We entirely agree, and would add that the environment is not only vital for our survival, it and the animas and plants which also rely upon it and are each vital parts of it, deserves to exist just as much as any person or group of people does.

The day’s ‘official slogan’ this year is: ‘Harmony with nature and sustainable development.

And on this, we are in complete accord.

Because the people of Madagascar, who have been handed the responsibility to protect the island’s vital, vibrant natural environment, also face extreme and serious challenges.

Madagascar is the world’s fourth-poorest country.

Eighty per cent of Malagasy people rely on farming – in many cases subsistence farming or day labour – to access food. Very nearly as many – 79.9 per cent – survive on just £1.73 per day or less: the global poverty baseline.

More than one million Malagasy people are experiencing high levels of acute food insecurity. This term means they lack sufficient food to meet their basic needs, threatening their ability to work, and also their lives: the next ‘level’ of food shortage is famine.

Many, many more experience hunger every day, missing at least one meal: 50 per cent of Malagasy children suffer stunting due to malnutrition. One in ten do not reach their tenth birthday.

This is an absolutely unacceptable situation. No person deserves to live in poverty, hunger and fear over where their next meal is coming from.

No-one should be denied the opportunity to reach their potential by poor health, lack of care, lack of educational opportunities or the means to access them.
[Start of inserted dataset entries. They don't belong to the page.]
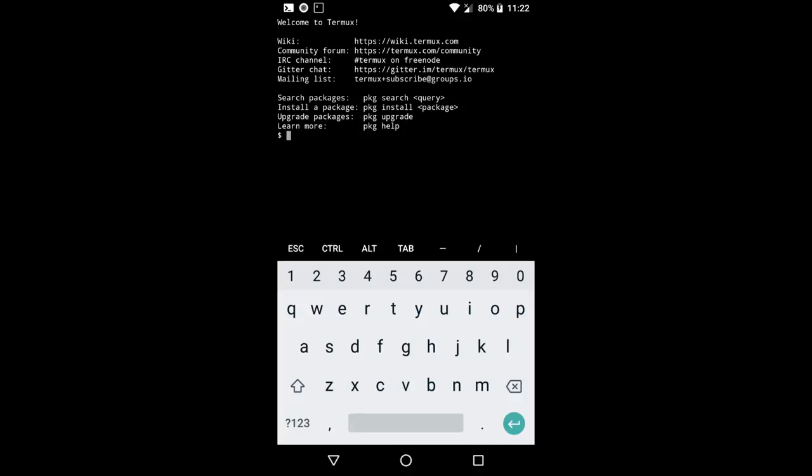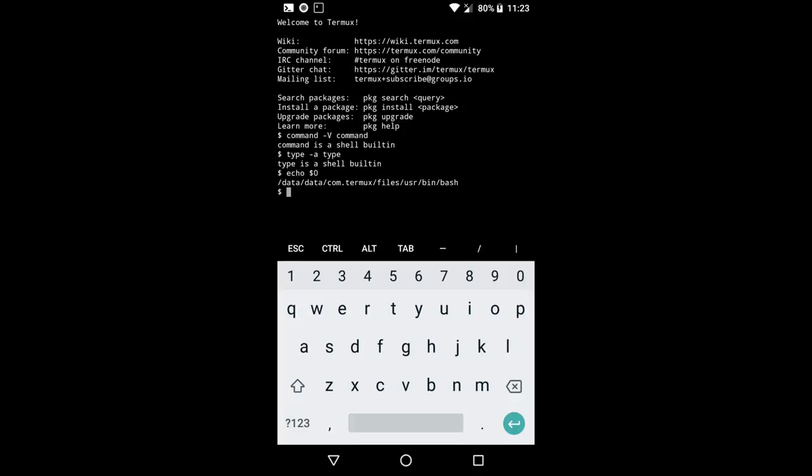And if we run the same commands as before, the command dash-V command and the type dash-a command, you can see that the command command is a built-in shell. And this one actually has the type command built in. And again, if we echo dollar sign zero, it's going to tell us that our default shell is inside the Termux file system. And it's actually running a copy of bash. And that's why type is built in.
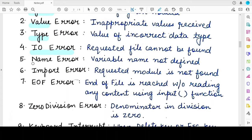The next is the NameError. This exception generally occurs when the variable you are trying to use has not been defined — this gives rise to a NameError exception. The next is the ImportError. As the name suggests, whenever you are trying to import a module but that module does not exist or cannot be found by the Python interpreter, this will give rise to an ImportError.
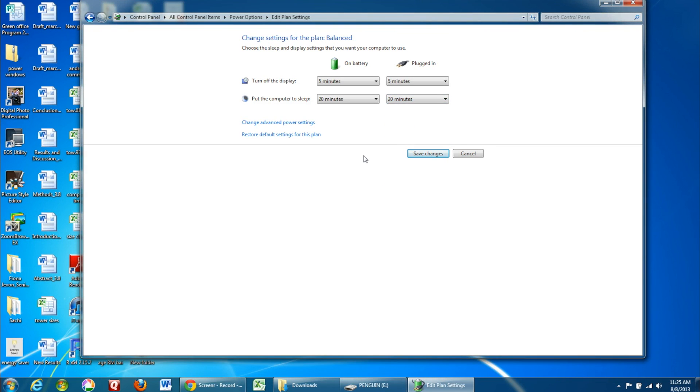Remember that turning off your monitor won't lose your work. It will just decrease the amount of electricity that your computer is using.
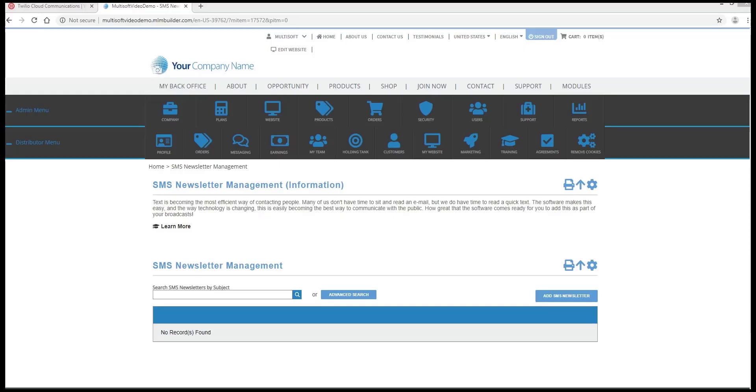Hello, this is Irwin from Multisoft Corporation, your MLM solutions provider. How to send newsletters using your SMS newsletter management.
And it is even less acceptable when the men, women and children we demand must help save the rainforests, in part to save us all from catastrophe, are the same people denied these opportunities and forced into this shocking discomfort and danger.

At Money for Madagascar, we work with these communities. We listen to them, and help them define the challenges they face, and set the means by which they overcome them.

We help children access and get the greatest benefit from, education.

We help youngsters who have ‘fallen through the gaps’ and can no longer live with their families get the sheter, food, healthcare, education, and vital care and attention, they need and deserve.

We help Malagasy people with no access to power connect using innovative solar technology, improving health as wll as education and livelihoods.

We work with communities to help them grow more food, increase their incomes, lift themselves from poverty and hunger, and protect and expand the amazing environment which surrounds them, of which they are part, and on which we all rely.

The International Day for Biodiversity is explicitly about development and the environment working together rather than pulling apart or clashing.

So are we.

All at Money for Madagascar wish you a happy IDB, but also a happy year, and lifetime, of celebrating biodiversity and human development and comfort for all.